#### Data

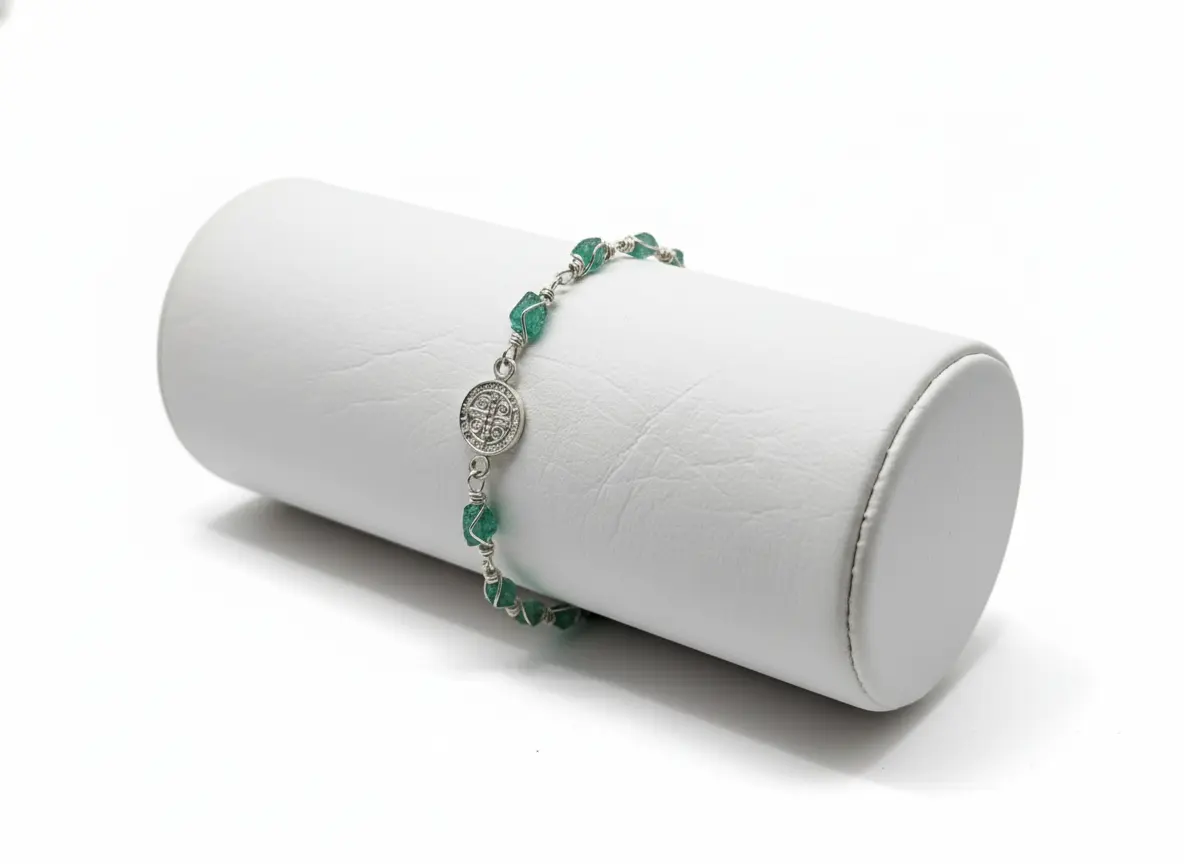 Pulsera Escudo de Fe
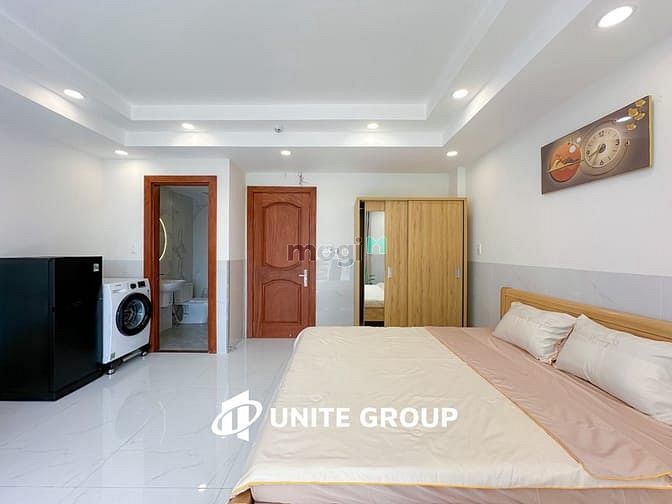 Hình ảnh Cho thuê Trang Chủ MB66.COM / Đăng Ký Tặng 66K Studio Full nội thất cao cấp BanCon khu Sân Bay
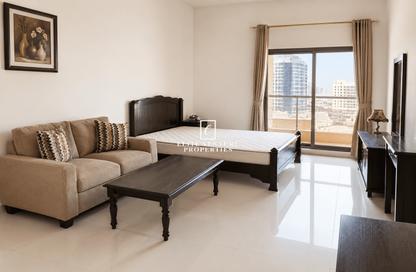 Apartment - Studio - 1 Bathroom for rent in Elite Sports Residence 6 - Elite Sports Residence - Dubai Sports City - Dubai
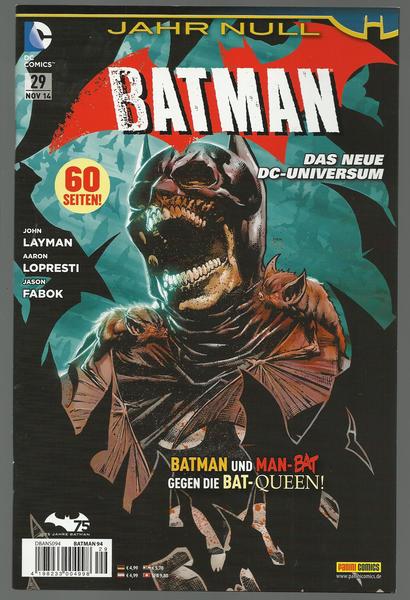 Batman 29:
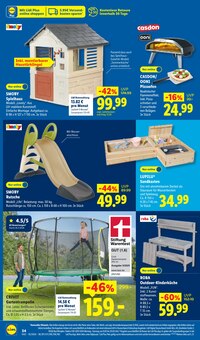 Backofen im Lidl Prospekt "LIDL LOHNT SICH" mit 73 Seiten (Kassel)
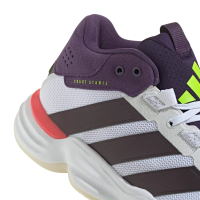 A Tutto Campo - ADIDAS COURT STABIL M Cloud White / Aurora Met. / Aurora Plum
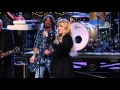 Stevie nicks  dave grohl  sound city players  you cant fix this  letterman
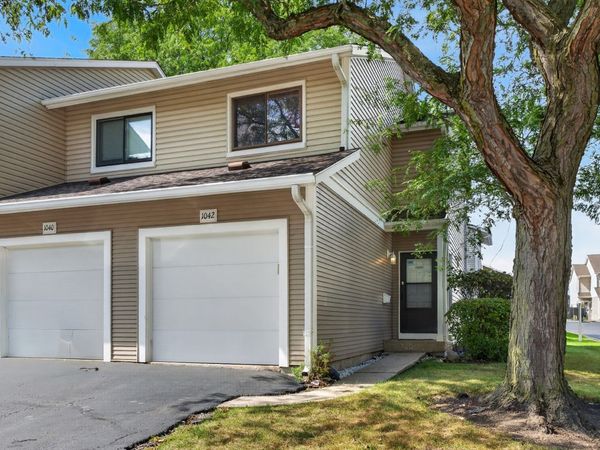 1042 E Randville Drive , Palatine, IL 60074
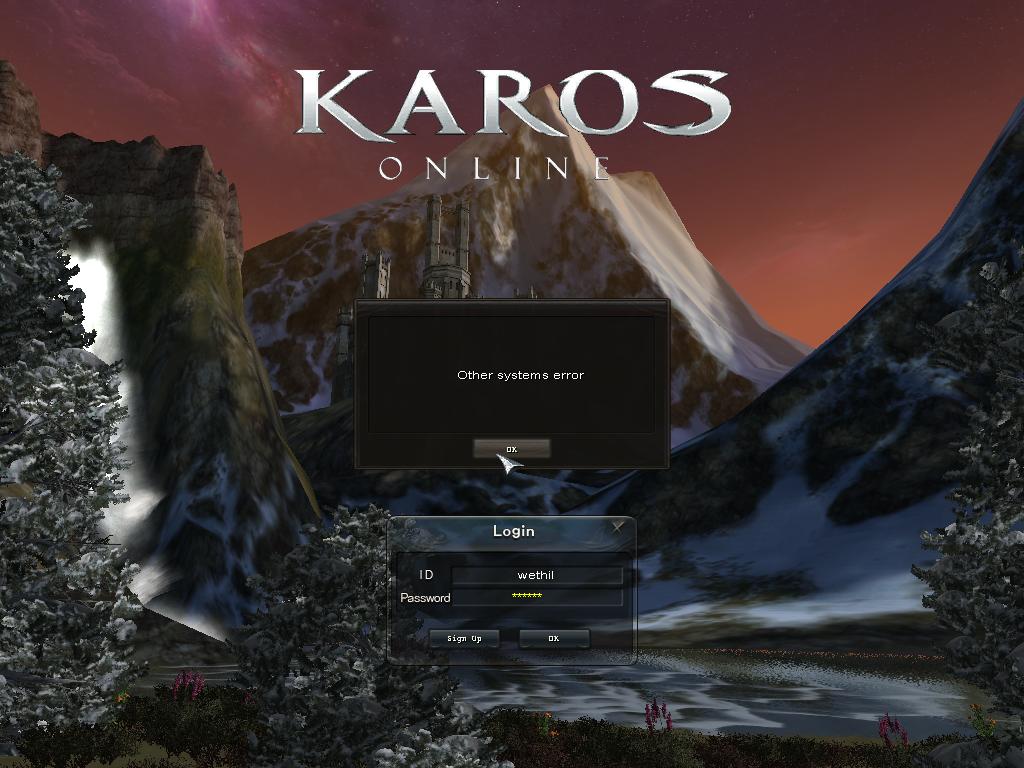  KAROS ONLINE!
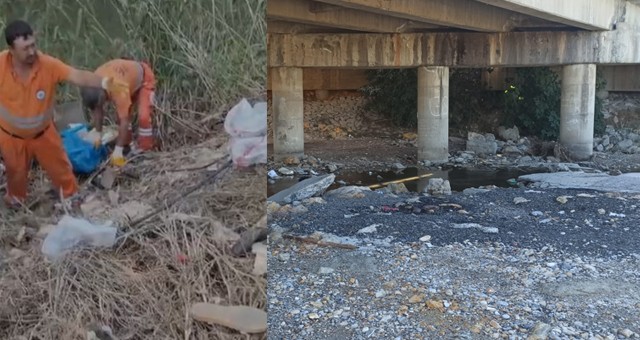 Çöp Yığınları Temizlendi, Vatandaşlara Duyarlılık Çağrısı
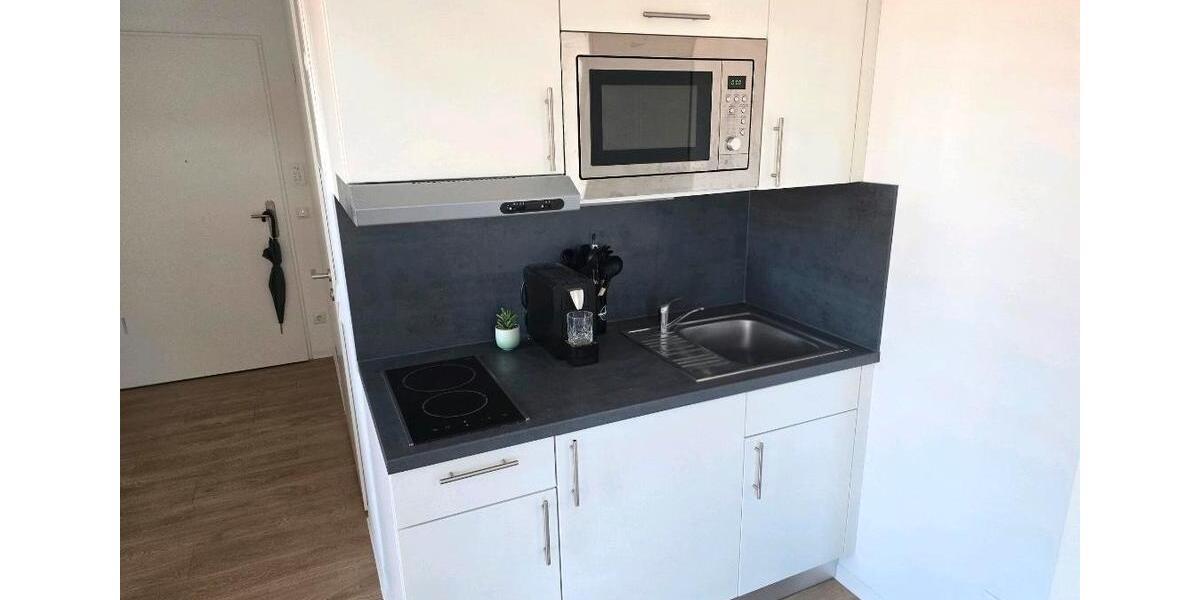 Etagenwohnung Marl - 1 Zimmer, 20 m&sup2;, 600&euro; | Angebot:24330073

########

**Your instructions**
The expected output is an exact copy of the lines from the top of the data above through the line containing "Backofen im Lidl", both included, with every picture omitted.

**Response to this exercise**
 Pulsera Escudo de Fe
 Hình ảnh Cho thuê Trang Chủ MB66.COM / Đăng Ký Tặng 66K Studio Full nội thất cao cấp BanCon khu Sân Bay
 Apartment - Studio - 1 Bathroom for rent in Elite Sports Residence 6 - Elite Sports Residence - Dubai Sports City - Dubai
 Batman 29:
 Backofen im Lidl Prospekt "LIDL LOHNT SICH" mit 73 Seiten (Kassel)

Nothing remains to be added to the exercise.